* **SOURCE MATERIAL**
_ _ _ _ _
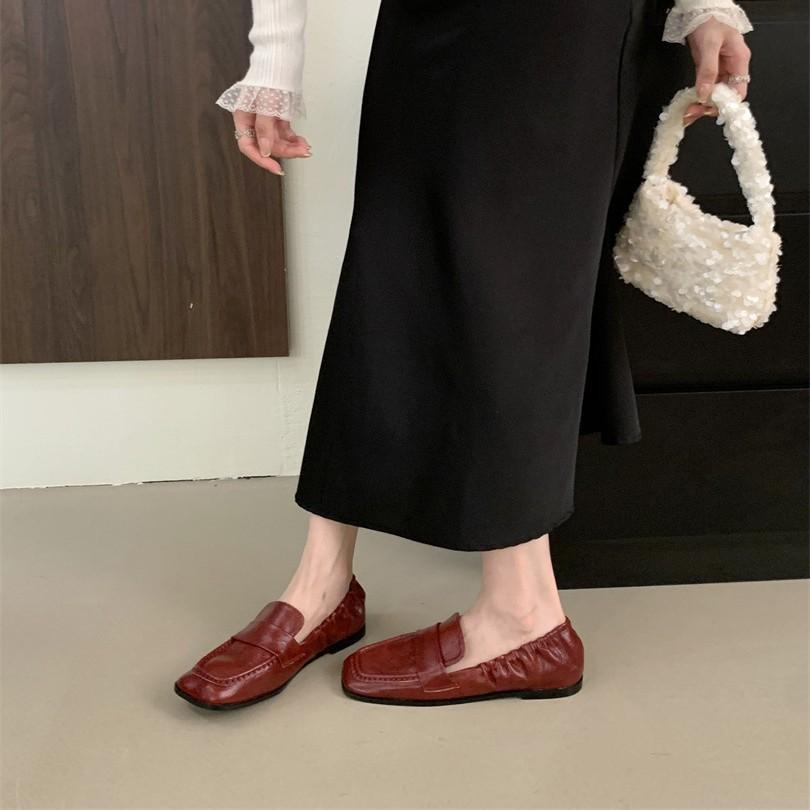 2025 Autumn New Retro Square Head Gold Loafers Soft Leather Pleated Casual Neutral Work Flat Small Leather Shoes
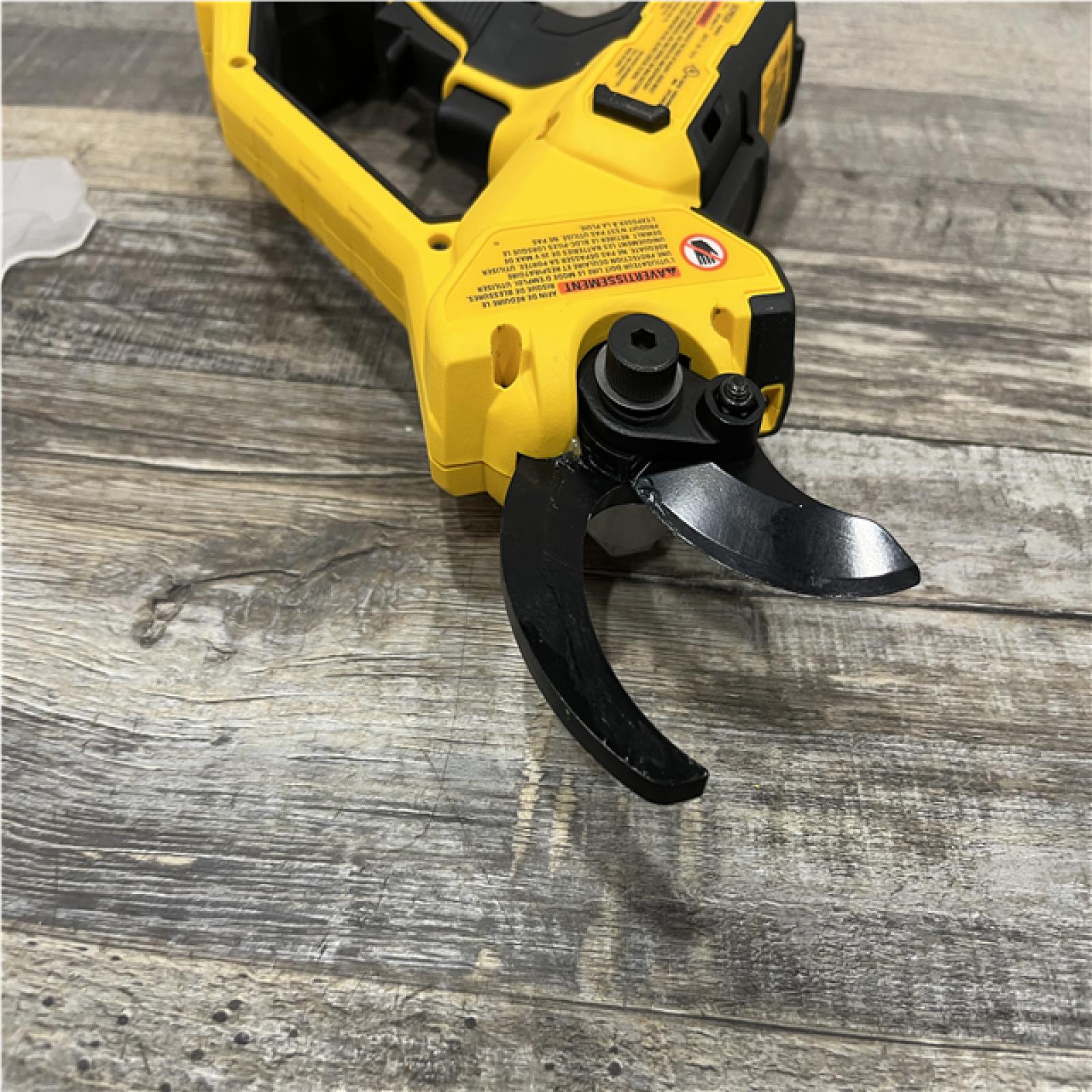 AS-IS DEWALT 20V MAX Cordless Pruner Kit
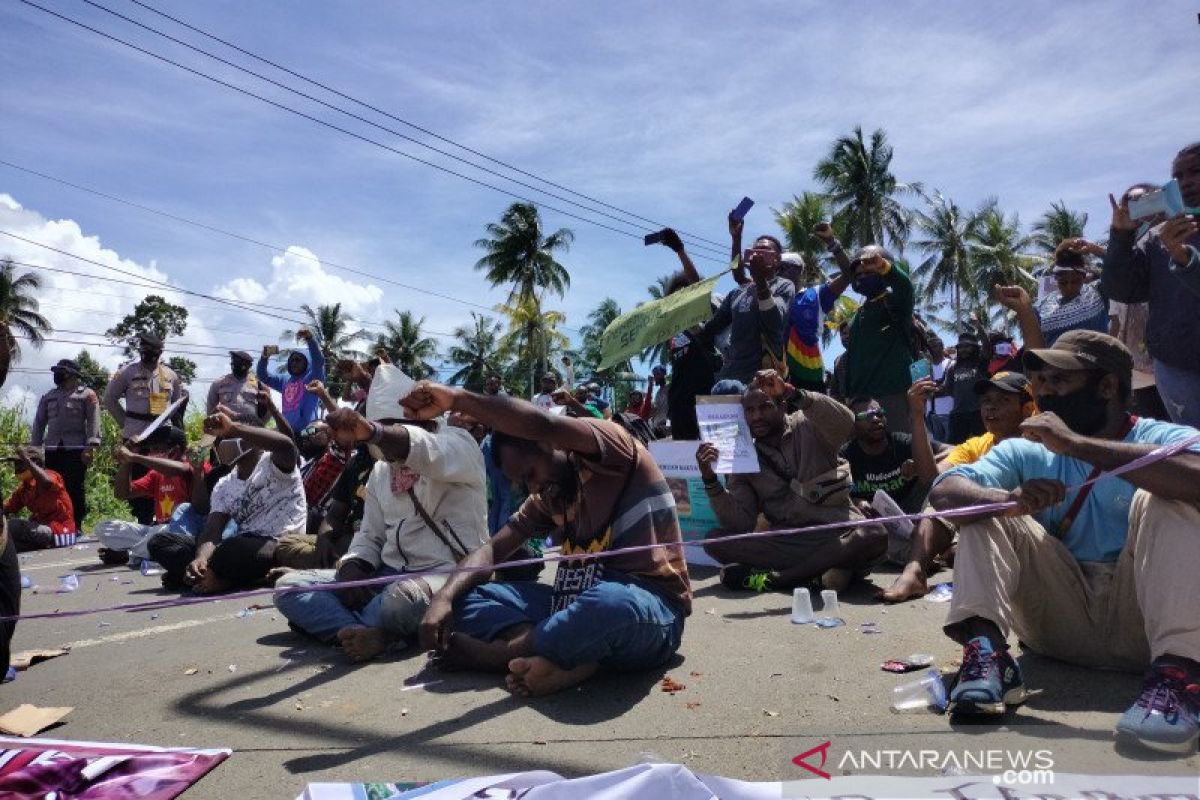 Belum sempat aksi,106 orang di Manokwari dijemput polisi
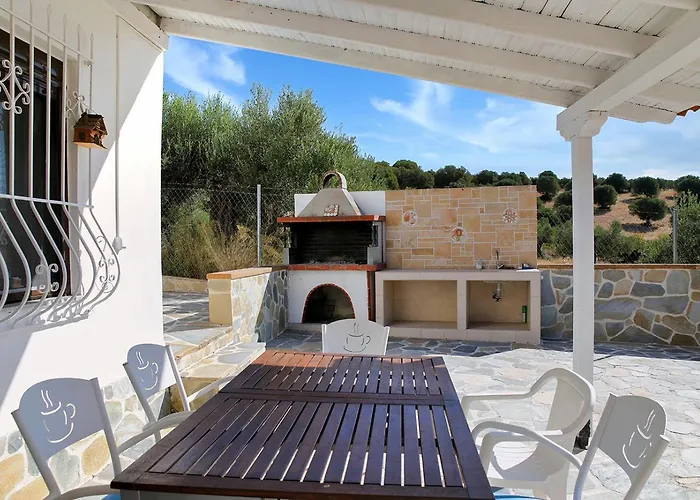Villa Lion Nikíti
_ _ _ _ _
* **PROMPT**
No pictures belong in the copy. Retype exactly, and only, the lines from the line containing "AS-IS DEWALT 20V MAX Cordless Pruner Kit" through the last line of the data, both included.

* **RESPONSE AREA**
 AS-IS DEWALT 20V MAX Cordless Pruner Kit
 Belum sempat aksi,106 orang di Manokwari dijemput polisi
Villa Lion Nikíti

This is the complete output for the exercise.